* Jô Drumond
Jorge Elias Neto, membro da Academia ES de Letras, despontou
no cenário literário capixaba em 2007, com o livro Verdes versos.
Posteriormente, publicou Rascunhos do absurdo, Os ossos da Baleia e Glacial. A
maior parte de sua produção poética ainda não se encontra à disposição dos
leitores. Tem 4 livros inéditos (Breviário dos olhos; Breve dicionário poético
do boxe; O ornitorrinco do pau oco; Quadras capixabas) e 3 em andamento:
Cabotagem; A Folha; Breve dicionário poético da loucura.

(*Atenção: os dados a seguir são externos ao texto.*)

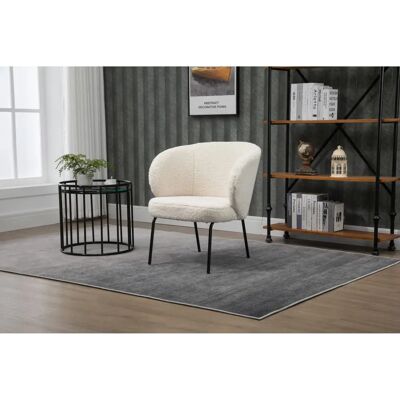 Nordlys Modelo Lana Blanca Sillón Escandinavo - Sillón Nordlys Modelo Lana Blanca Sillón Escandinavo - Sillón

De um modo geral, ele aborda temas universais. Na esteira de
Nietzsche, Heigegger e Camus, ele tece seus versos calcado em questionamentos
ontológicos. Trabalha mais com ideias que com palavras; busca a emoção da
reflexão e não a musicalidade do poema. Seu conceptismo é marcadamente
filosófico-existencialista. A maioria dos poemas não é destinada à declamação,
mas à leitura e à reflexão. A polaridade vida/morte, recorrente em seus livros
anteriores, sobretudo em Rascunhos do absurdo, perpassa também por Glacial,
como tema central, em torno do qual giram os subtemas a ele interligados:
branco eterno, gelo, nada, silêncio, inércia, infinito, imensidão, vastidão
branca, insignificância da vida, Impossibilidade, morte em vida, efemeridade,
absurdo da existência, absurdo da morte, tempo, entre outros.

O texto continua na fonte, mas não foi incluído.